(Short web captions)
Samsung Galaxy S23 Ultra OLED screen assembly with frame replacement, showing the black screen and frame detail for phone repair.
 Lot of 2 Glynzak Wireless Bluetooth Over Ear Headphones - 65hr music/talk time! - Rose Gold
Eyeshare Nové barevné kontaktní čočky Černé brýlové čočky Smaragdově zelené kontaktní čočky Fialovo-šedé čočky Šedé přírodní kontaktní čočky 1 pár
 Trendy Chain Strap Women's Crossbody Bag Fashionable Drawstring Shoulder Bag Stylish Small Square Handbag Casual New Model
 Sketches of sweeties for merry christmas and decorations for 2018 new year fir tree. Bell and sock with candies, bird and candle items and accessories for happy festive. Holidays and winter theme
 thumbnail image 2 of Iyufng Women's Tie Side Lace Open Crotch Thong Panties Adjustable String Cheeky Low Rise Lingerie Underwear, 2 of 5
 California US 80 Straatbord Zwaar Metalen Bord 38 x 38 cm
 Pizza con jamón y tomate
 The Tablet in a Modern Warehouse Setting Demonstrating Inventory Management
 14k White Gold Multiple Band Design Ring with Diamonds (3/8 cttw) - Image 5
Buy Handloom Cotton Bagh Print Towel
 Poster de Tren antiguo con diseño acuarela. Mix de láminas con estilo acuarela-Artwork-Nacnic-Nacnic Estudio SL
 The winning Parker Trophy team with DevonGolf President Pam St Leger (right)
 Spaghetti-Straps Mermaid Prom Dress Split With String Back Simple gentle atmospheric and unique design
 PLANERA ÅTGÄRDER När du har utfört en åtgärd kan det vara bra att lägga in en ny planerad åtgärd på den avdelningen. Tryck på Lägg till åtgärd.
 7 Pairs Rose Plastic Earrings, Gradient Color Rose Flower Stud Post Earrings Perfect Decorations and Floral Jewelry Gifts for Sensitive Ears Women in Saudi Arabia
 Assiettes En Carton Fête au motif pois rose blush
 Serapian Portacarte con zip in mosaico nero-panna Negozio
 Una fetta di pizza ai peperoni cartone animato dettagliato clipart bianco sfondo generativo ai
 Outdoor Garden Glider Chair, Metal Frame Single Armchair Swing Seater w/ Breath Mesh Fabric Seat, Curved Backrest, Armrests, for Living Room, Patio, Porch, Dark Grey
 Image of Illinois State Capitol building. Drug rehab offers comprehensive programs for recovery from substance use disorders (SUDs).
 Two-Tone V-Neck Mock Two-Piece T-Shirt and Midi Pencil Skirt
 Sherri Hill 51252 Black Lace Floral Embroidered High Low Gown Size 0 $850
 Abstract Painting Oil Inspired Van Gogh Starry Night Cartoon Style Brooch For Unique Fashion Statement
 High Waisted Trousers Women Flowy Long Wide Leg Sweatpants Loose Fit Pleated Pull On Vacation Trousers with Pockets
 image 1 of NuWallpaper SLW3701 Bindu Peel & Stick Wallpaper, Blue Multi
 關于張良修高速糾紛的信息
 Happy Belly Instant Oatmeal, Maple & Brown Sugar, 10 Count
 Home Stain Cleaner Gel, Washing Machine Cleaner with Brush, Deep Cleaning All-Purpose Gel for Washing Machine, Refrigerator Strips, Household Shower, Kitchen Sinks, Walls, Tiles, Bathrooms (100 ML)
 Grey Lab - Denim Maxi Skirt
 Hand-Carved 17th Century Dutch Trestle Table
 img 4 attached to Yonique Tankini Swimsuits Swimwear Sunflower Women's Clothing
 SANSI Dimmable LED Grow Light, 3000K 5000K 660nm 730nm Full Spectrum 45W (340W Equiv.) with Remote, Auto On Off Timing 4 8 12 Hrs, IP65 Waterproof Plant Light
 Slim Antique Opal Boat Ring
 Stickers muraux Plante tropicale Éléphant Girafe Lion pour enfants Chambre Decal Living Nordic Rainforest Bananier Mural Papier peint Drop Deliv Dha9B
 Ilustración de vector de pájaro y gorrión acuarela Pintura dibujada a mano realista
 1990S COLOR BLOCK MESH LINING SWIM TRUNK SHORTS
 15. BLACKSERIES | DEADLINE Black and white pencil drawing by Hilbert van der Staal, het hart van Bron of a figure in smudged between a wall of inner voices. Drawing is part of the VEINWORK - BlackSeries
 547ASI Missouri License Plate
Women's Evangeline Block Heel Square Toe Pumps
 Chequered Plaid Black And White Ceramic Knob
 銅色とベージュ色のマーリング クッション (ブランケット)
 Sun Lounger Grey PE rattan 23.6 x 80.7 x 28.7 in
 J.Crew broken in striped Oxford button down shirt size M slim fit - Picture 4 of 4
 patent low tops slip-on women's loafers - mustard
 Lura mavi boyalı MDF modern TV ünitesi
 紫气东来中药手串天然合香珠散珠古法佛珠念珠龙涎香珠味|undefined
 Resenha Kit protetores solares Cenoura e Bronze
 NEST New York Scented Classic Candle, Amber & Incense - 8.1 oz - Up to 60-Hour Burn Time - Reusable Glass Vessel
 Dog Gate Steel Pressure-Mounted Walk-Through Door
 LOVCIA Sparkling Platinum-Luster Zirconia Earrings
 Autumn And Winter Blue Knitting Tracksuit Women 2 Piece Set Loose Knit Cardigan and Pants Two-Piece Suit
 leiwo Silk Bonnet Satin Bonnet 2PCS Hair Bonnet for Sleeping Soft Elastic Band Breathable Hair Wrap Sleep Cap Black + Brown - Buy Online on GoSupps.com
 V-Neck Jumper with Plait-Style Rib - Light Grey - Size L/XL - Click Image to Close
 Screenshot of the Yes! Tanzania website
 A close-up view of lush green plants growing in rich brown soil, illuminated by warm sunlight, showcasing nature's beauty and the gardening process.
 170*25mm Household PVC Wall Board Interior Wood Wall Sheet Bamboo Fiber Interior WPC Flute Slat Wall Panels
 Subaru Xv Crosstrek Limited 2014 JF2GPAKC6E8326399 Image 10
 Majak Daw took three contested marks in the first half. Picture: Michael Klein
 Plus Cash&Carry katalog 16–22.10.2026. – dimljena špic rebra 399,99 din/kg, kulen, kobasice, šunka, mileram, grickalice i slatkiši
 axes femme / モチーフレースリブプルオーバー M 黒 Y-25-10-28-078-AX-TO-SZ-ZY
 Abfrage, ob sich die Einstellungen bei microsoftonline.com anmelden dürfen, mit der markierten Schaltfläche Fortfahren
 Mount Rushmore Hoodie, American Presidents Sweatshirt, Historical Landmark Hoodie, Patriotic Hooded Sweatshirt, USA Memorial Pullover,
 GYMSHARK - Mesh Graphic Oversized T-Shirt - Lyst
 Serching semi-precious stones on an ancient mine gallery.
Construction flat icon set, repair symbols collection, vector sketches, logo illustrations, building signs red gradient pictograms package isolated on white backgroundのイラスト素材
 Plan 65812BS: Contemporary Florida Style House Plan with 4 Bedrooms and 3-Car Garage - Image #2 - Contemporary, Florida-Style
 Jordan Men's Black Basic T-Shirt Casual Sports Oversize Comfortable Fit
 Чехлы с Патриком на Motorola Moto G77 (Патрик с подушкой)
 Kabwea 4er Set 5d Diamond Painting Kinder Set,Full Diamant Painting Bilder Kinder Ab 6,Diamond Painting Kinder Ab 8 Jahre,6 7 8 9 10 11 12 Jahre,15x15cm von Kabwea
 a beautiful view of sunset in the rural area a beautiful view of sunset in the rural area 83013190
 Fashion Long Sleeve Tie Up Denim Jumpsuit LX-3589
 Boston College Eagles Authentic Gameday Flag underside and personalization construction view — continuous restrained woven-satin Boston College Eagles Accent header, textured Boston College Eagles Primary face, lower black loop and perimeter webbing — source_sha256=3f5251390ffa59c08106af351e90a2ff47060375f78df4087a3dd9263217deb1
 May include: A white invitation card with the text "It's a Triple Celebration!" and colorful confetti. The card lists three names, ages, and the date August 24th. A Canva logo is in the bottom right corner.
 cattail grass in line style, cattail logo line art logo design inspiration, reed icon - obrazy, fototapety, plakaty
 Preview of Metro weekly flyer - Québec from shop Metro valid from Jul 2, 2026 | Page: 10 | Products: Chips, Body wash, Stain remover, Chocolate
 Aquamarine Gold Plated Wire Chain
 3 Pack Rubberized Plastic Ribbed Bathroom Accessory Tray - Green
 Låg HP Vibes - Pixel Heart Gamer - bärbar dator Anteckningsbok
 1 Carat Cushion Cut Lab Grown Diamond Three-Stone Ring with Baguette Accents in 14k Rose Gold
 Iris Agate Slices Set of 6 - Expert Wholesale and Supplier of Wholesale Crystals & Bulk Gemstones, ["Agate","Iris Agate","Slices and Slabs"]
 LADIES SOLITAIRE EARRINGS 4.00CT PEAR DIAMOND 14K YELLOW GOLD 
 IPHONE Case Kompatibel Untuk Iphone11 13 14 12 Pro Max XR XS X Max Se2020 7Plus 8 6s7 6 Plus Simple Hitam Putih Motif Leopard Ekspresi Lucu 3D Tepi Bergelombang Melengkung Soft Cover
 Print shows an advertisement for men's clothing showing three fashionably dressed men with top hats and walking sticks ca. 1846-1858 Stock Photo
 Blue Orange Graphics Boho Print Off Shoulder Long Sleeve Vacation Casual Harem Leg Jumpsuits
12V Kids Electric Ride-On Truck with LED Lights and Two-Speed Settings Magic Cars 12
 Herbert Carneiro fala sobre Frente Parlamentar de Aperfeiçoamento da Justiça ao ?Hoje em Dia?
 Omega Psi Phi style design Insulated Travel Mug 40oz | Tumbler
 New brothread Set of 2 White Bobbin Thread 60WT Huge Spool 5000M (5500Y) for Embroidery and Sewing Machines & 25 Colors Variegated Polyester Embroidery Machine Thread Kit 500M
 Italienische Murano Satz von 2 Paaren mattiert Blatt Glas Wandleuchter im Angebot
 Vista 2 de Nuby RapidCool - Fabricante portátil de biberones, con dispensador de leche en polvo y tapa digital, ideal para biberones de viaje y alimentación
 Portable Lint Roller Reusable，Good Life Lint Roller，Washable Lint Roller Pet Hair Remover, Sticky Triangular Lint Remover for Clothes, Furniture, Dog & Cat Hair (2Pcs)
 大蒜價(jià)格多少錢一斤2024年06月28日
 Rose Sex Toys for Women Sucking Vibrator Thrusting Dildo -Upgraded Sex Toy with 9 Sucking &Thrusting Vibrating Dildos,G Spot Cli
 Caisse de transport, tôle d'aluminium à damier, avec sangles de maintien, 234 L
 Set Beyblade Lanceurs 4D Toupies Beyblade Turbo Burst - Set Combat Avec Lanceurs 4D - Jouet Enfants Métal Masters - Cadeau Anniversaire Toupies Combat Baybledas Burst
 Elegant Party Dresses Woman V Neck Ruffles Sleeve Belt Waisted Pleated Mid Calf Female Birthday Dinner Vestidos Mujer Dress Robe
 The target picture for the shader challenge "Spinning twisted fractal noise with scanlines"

## Assigned task
Would you output, from the records above, exactly the run of lines that starts at the line containing "Autumn And Winter" and ends at the line containing "Screenshot of the Yes! Tanzania website", and only that run?

## Answer space
 Autumn And Winter Blue Knitting Tracksuit Women 2 Piece Set Loose Knit Cardigan and Pants Two-Piece Suit
 leiwo Silk Bonnet Satin Bonnet 2PCS Hair Bonnet for Sleeping Soft Elastic Band Breathable Hair Wrap Sleep Cap Black + Brown - Buy Online on GoSupps.com
 V-Neck Jumper with Plait-Style Rib - Light Grey - Size L/XL - Click Image to Close
 Screenshot of the Yes! Tanzania website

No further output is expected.